Of all the various genres of film, none can come close to horror when it comes to serving up remakes, reboots, reimaginings, recalibrations or whatever buzz word is being thrown around for revisiting a tried and tested property.
These do-overs have clearly varied massively in quality over the decades, with there being way more duds than there have been great redos. Still, the likes of John Carpenter's The Thing and Fede Alvarez's Evil Dead show that remakes don't have to totally suck - even if the vast majority of them sadly do.
For some such remakes, the exact same formula and plot is followed as their predecessors. Gus Van Sant's Psycho is infamous for how it simply did a shot-to-shot retelling of Alfred Hitchcock's iconic 1960 movie, and the end result was awful and totally pointless.
On the other side of the fence, there are those remakes that thankfully at least try to do something different to what we've seen before. For some horror characters, that means that they may end up actually surviving in situations where they've previously been killed off.

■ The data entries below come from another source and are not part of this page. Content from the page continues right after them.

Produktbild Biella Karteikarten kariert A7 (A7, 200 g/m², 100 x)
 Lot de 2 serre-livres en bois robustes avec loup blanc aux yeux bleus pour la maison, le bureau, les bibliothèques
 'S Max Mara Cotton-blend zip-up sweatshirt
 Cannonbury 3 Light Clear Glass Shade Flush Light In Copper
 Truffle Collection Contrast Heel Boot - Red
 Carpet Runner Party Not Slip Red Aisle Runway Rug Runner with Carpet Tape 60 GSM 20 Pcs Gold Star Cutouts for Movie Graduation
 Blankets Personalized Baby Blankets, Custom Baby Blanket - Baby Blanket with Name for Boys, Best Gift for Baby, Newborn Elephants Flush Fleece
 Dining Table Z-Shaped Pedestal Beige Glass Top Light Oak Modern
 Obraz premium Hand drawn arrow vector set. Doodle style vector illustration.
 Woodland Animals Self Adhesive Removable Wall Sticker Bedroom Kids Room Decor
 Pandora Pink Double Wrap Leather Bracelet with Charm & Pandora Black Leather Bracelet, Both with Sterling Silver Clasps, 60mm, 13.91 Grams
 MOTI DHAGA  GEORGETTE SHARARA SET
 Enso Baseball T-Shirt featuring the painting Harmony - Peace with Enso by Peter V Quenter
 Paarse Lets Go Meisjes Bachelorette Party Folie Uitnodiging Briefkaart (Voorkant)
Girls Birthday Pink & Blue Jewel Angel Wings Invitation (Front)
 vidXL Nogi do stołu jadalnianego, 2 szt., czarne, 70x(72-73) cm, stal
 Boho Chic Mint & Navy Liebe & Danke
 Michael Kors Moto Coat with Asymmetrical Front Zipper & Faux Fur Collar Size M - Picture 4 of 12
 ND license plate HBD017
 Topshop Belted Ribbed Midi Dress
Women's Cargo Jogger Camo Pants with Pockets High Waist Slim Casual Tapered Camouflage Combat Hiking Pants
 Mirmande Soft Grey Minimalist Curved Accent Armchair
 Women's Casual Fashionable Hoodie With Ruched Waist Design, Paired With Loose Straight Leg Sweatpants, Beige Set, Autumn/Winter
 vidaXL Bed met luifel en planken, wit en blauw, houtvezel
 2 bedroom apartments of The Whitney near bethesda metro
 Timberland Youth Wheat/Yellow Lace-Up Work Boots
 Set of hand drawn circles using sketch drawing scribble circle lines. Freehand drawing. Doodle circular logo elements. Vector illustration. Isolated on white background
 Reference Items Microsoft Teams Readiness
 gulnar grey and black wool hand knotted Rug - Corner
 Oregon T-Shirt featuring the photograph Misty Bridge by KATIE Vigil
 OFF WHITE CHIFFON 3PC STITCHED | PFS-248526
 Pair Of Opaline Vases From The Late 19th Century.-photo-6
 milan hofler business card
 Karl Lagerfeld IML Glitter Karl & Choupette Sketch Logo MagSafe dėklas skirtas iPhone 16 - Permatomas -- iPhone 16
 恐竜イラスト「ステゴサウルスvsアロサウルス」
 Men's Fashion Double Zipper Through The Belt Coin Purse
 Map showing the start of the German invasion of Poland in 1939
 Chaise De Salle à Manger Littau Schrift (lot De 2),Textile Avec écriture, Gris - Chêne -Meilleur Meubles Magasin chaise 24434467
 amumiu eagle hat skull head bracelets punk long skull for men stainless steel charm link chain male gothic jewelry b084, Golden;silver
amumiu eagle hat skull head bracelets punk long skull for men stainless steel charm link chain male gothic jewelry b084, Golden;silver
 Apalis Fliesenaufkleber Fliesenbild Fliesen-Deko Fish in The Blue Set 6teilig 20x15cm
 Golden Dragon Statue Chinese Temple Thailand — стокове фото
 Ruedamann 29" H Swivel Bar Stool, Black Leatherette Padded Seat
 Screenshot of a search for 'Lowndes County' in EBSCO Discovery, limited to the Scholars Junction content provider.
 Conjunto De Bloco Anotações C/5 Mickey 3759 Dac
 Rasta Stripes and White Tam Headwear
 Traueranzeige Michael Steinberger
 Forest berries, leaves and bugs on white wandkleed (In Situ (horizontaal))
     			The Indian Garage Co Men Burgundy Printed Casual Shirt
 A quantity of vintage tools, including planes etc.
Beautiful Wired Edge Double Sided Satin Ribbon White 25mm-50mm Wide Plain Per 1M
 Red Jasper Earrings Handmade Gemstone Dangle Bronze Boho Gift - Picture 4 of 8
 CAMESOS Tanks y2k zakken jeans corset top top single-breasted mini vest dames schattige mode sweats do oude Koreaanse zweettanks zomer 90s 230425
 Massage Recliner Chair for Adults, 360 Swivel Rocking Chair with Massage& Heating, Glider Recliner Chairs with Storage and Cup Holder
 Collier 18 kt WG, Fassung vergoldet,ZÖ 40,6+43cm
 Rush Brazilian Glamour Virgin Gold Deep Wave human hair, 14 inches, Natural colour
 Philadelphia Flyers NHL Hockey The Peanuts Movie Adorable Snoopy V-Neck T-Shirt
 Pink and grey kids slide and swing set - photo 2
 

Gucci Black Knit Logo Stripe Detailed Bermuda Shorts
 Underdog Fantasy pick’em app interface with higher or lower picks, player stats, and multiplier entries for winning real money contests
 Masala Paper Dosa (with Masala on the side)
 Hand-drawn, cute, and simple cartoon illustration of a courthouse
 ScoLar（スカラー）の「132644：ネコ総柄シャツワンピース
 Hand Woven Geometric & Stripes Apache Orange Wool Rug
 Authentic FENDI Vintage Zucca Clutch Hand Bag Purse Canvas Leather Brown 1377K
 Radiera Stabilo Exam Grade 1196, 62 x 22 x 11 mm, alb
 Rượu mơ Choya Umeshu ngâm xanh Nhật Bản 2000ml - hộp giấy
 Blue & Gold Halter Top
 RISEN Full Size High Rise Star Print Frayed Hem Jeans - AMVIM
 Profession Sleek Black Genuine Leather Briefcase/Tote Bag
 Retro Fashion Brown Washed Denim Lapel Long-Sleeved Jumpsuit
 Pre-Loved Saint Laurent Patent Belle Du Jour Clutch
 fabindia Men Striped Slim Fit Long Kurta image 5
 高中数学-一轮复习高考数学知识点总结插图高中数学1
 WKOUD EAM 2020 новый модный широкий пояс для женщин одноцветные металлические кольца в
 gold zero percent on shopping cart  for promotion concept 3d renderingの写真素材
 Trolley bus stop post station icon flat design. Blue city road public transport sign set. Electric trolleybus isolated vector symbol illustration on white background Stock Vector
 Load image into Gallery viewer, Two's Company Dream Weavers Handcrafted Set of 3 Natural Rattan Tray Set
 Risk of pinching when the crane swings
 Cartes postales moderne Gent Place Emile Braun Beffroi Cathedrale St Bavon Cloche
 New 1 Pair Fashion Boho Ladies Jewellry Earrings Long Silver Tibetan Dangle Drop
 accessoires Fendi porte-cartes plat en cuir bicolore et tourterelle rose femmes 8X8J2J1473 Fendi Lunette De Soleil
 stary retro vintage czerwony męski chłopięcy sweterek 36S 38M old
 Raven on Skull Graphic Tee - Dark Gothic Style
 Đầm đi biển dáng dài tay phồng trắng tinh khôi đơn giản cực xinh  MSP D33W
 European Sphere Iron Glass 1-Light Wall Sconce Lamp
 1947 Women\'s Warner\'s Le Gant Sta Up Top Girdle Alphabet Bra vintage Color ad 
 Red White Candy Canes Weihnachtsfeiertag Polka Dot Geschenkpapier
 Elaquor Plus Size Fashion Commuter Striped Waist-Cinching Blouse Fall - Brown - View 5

It's on those characters that the spotlight is on here, as it's time to put the focus on horror figures who remakes chose to save rather than slaughter.
10. Annie Brackett - Halloween
While Laurie Strode clearly gets the spotlight in John Carpenter's iconic Halloween, one could argue that Annie Brackett (Nancy Loomis) is the most enjoyable character in that picture.
Complete with a dry sense of sarcasm to whatever she's doing, Annie brings an energy to proceedings whenever she's on screen. Like her pal Lynda, though, poor Brackett is one of those friends of Jamie Lee Curtis' Laurie who ends up offed by Michael Myers on the night he came home.
That demise sees Annie attacked in her car by the Shape, as Myers strangles her and slices her throat. And with that, audiences get their first glimpse of the present-day Michael fully in action.
By the time Rob Zombie's Halloween remake came around in 2007, Zombie very much decided to make this movie his own. Whether you like that redo or not, one cannot argue that Rob, for better or worse, made something different to Carpenter's '78 film rather than simply retelling the same note-for-note tale.
Where the Annie Brackett character is concerned, one difference in Rob Zombie's picture is that, while she's attacked by Michael, Danielle Harris' Annie just about survives that assault.
Unfortunately for Annie, she would still have her life brought to an end courtesy of Myers, with him returning to brutally finish the job in Zombie's Halloween II.